> [Data under study]:

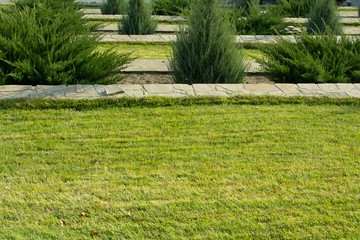 Texture background lawn grass green with Christmas trees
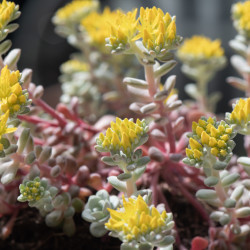Sedum spathulifolium Cape Blanco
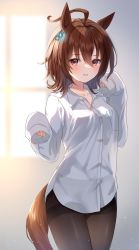 Rule 34 | 1girl, absurdres, agnes tachyon (umamusume), ahoge, animal ears, black pantyhose, blurry, blurry background, borrowed clothes, breasts, brown hair, collared shirt, depth of field, dress shirt, etesumsom, hair between eyes, hands up, highres, horse ears, horse girl, horse tail, long sleeves, looking at viewer, medium breasts, pantyhose, parted lips, red eyes, shirt, sleeves past fingers, sleeves past wrists, smile, solo, tail, thighband pantyhose, umamusume, white shirt, window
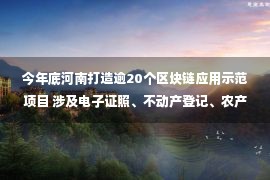 今年底河南打造逾20个区块链应用示范项目 涉及电子证照、不动产登记、农产品溯源等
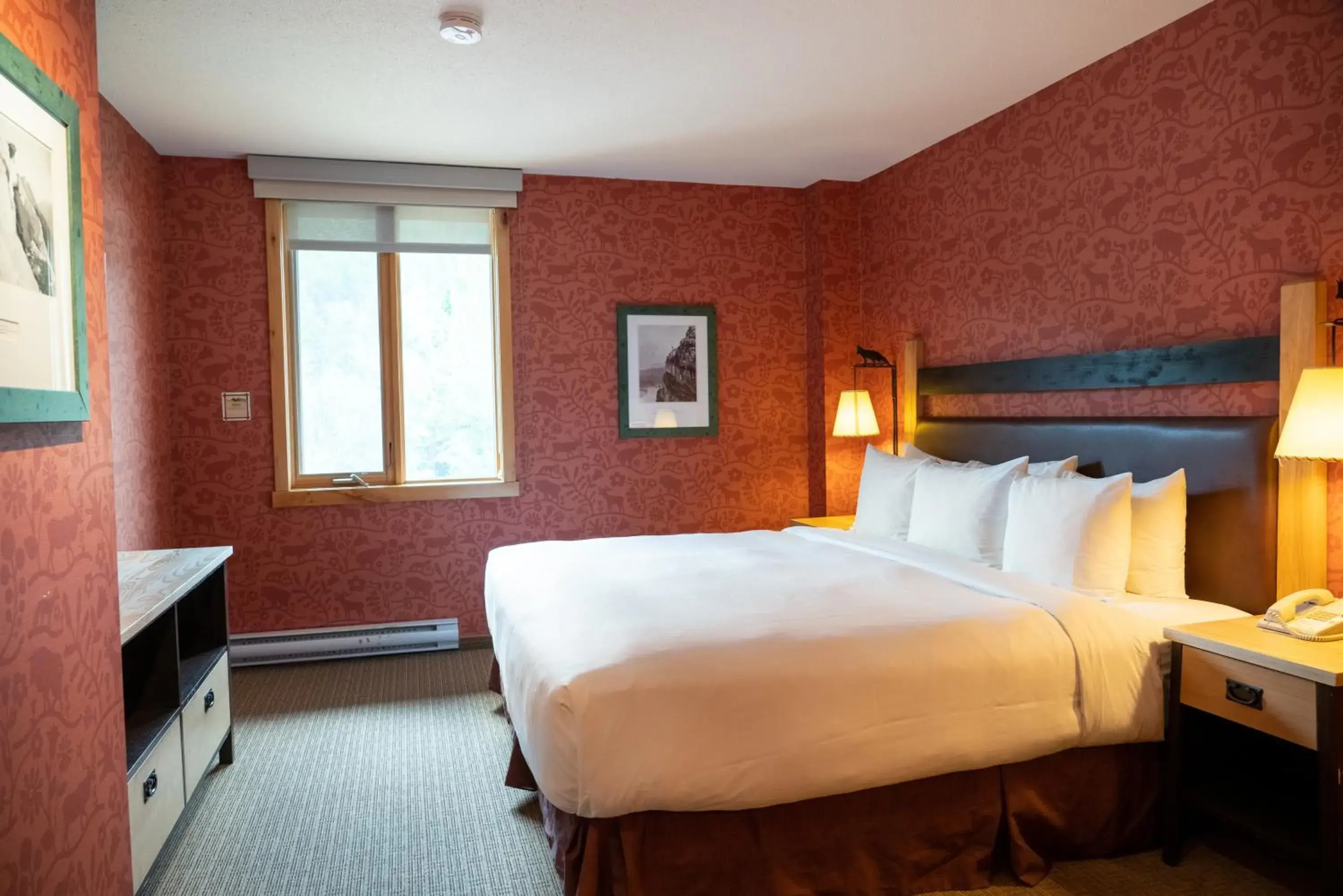 Bed in Fox Hotel and Suites Bed in Fox Hotel and Suites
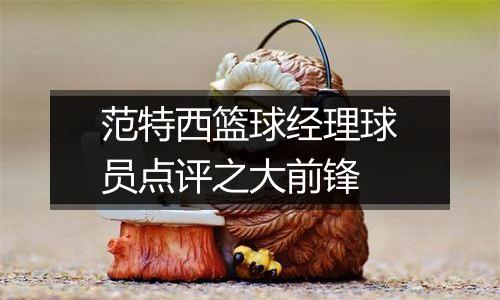 范特西篮球经理球员点评之大前锋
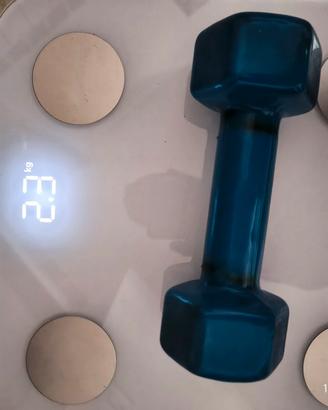 Manubrio da palestra da 2.3 kg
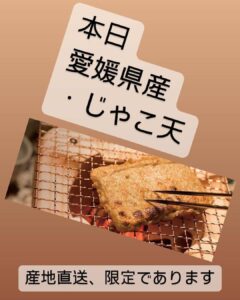 産地直送 ・愛媛県産じゃこ天 ※数量限定です‼️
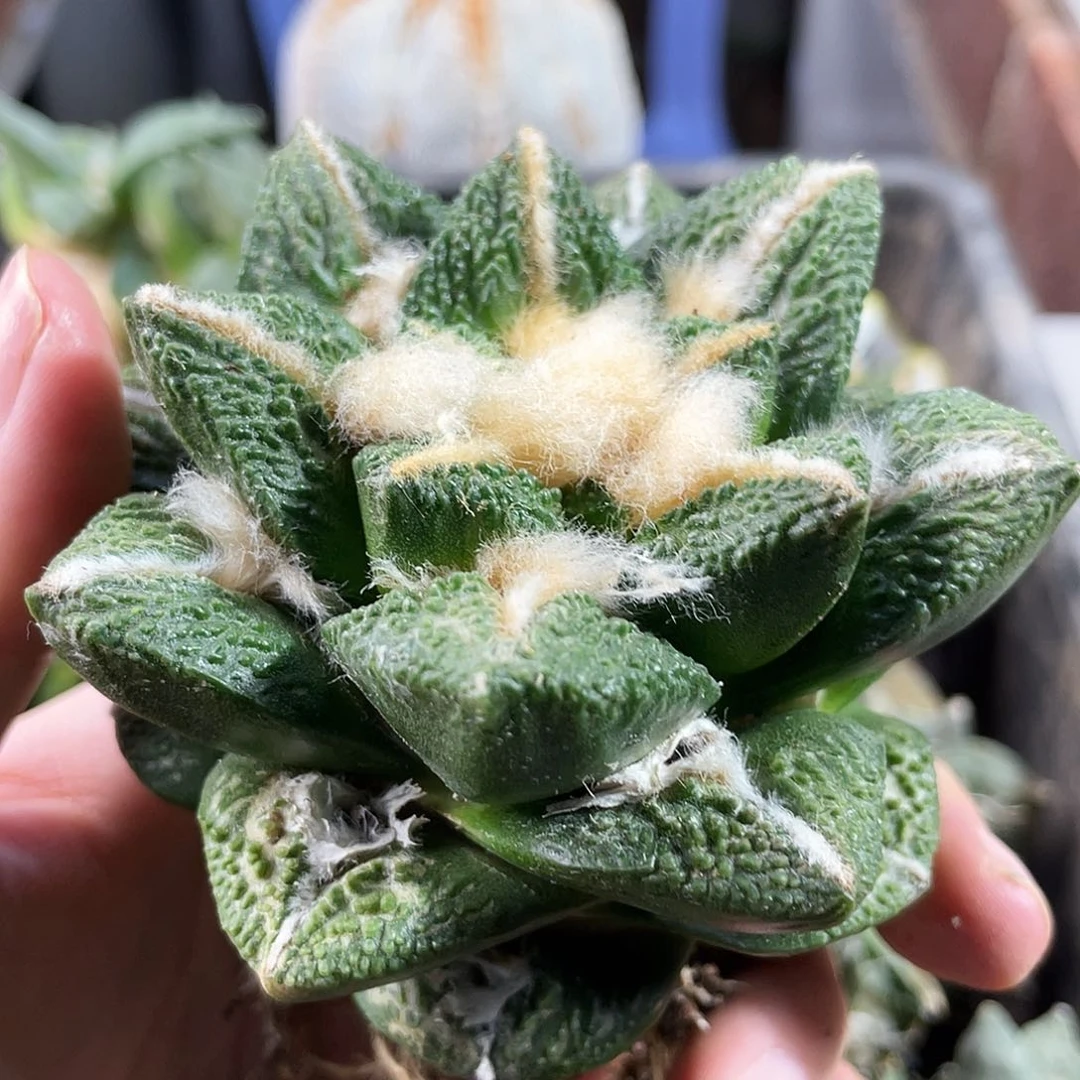 41号8cm自根中金龙角博士牡丹
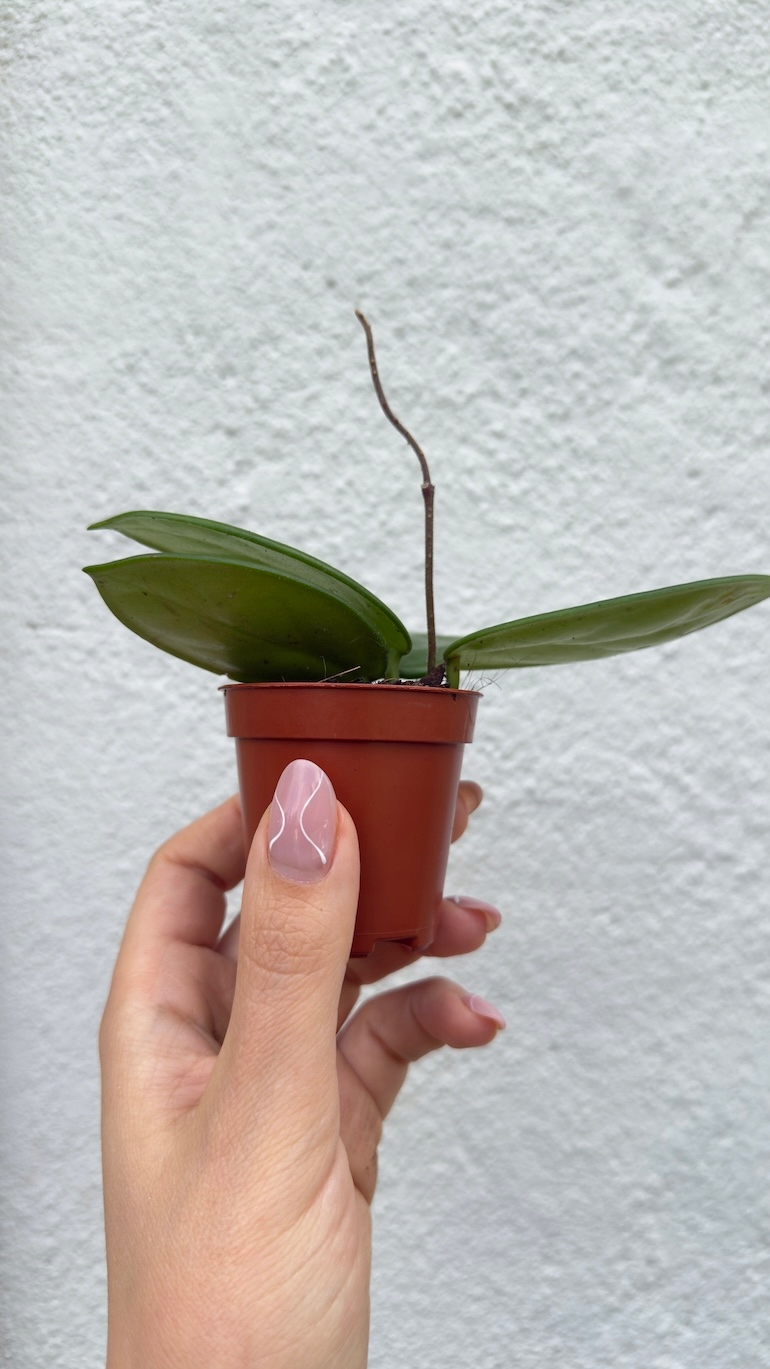 Hoya Vangviengiensis 6/15 cm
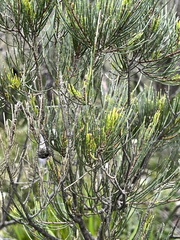 Allocasuarina nana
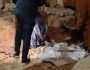 تحقيقات بعد اكتشاف 3 جماجم وعظام بشرية بورش بالداخلة
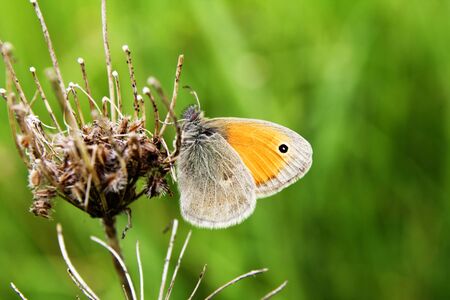 Color butterflyの写真素材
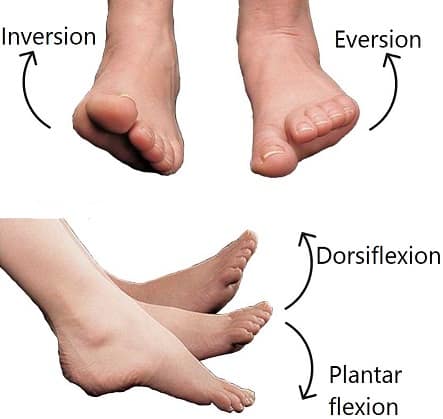 Movement of the ankle joint MedFog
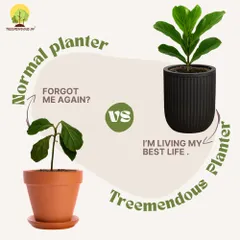 The difference is clear. On the left, a plant in a normal pot struggles. On the right, the same plant in our self-watering planter is thriving. We make it easy for your plants to live their best life, even if you forget to water them.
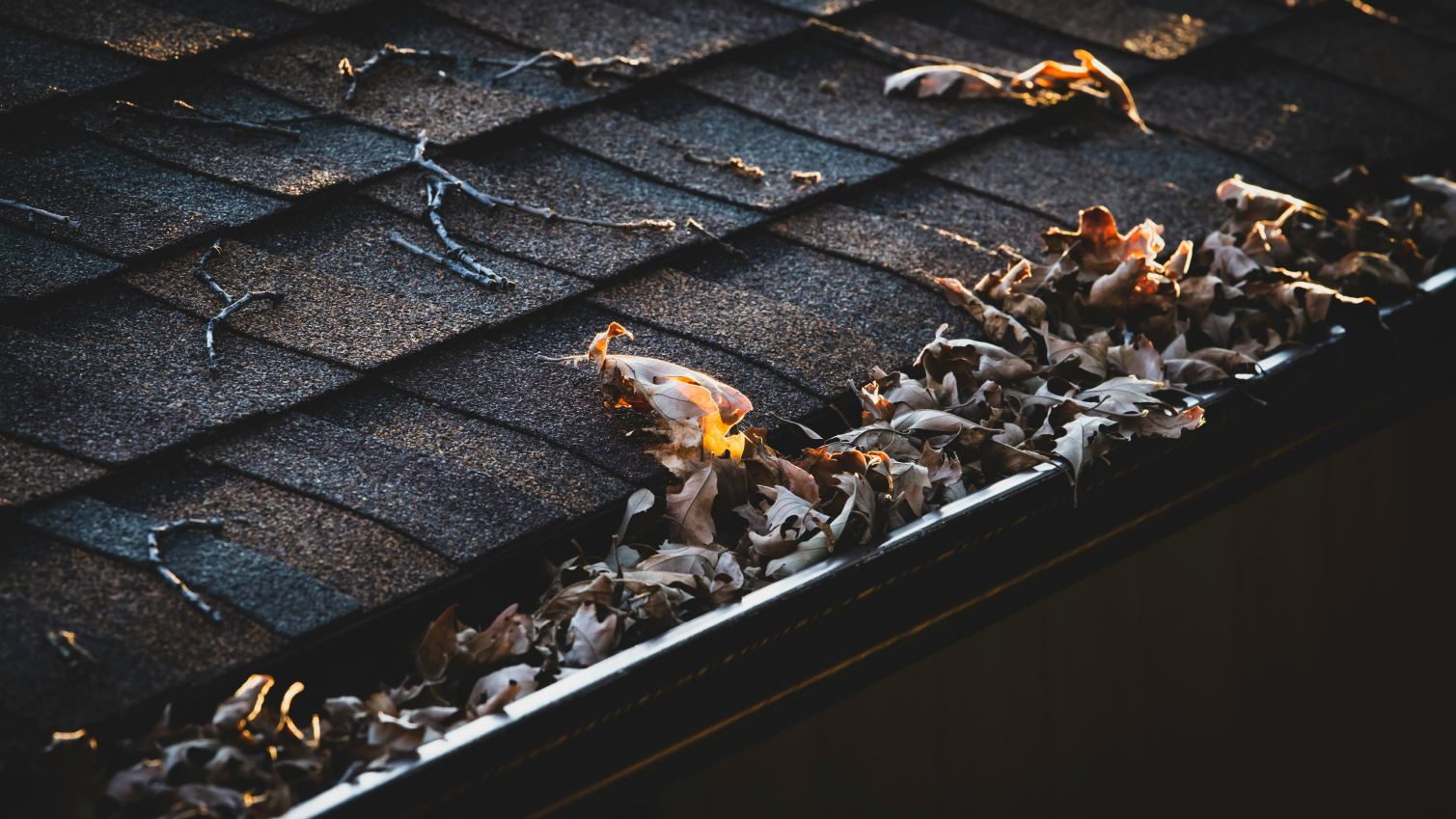 a gutter full of leaves and debris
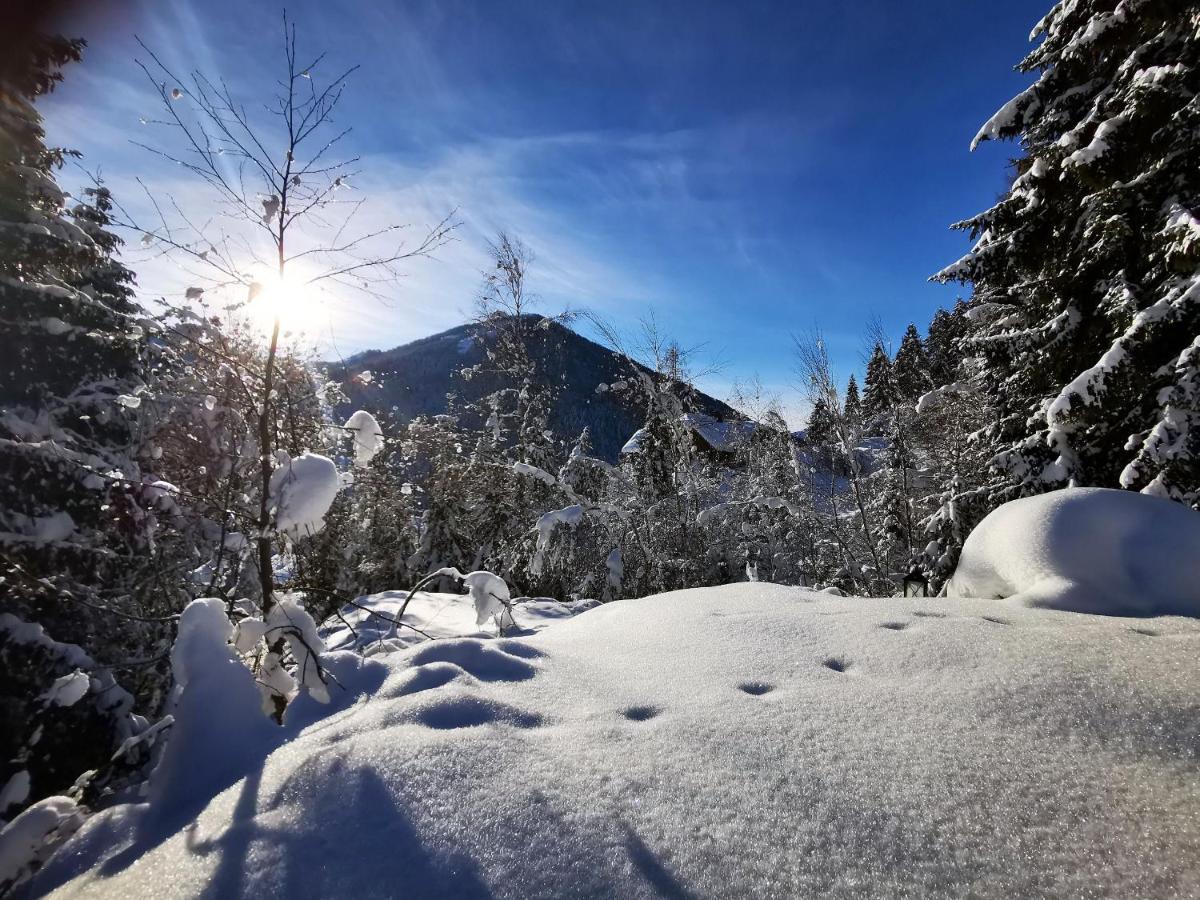 Chalet Caprea バド クラインキルヒハイム エクステリア 写真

> [Activity]:
The answer should be the complete listing, set down exactly, without pictures.

> [Solved exercise]:
 Texture background lawn grass green with Christmas trees
Sedum spathulifolium Cape Blanco
 Rule 34 | 1girl, absurdres, agnes tachyon (umamusume), ahoge, animal ears, black pantyhose, blurry, blurry background, borrowed clothes, breasts, brown hair, collared shirt, depth of field, dress shirt, etesumsom, hair between eyes, hands up, highres, horse ears, horse girl, horse tail, long sleeves, looking at viewer, medium breasts, pantyhose, parted lips, red eyes, shirt, sleeves past fingers, sleeves past wrists, smile, solo, tail, thighband pantyhose, umamusume, white shirt, window
 今年底河南打造逾20个区块链应用示范项目 涉及电子证照、不动产登记、农产品溯源等
 Bed in Fox Hotel and Suites Bed in Fox Hotel and Suites
 范特西篮球经理球员点评之大前锋
 Manubrio da palestra da 2.3 kg
 産地直送 ・愛媛県産じゃこ天 ※数量限定です‼️
 41号8cm自根中金龙角博士牡丹
 Hoya Vangviengiensis 6/15 cm
 Allocasuarina nana
 تحقيقات بعد اكتشاف 3 جماجم وعظام بشرية بورش بالداخلة
 Color butterflyの写真素材
 Movement of the ankle joint MedFog
 The difference is clear. On the left, a plant in a normal pot struggles. On the right, the same plant in our self-watering planter is thriving. We make it easy for your plants to live their best life, even if you forget to water them.
 a gutter full of leaves and debris
 Chalet Caprea バド クラインキルヒハイム エクステリア 写真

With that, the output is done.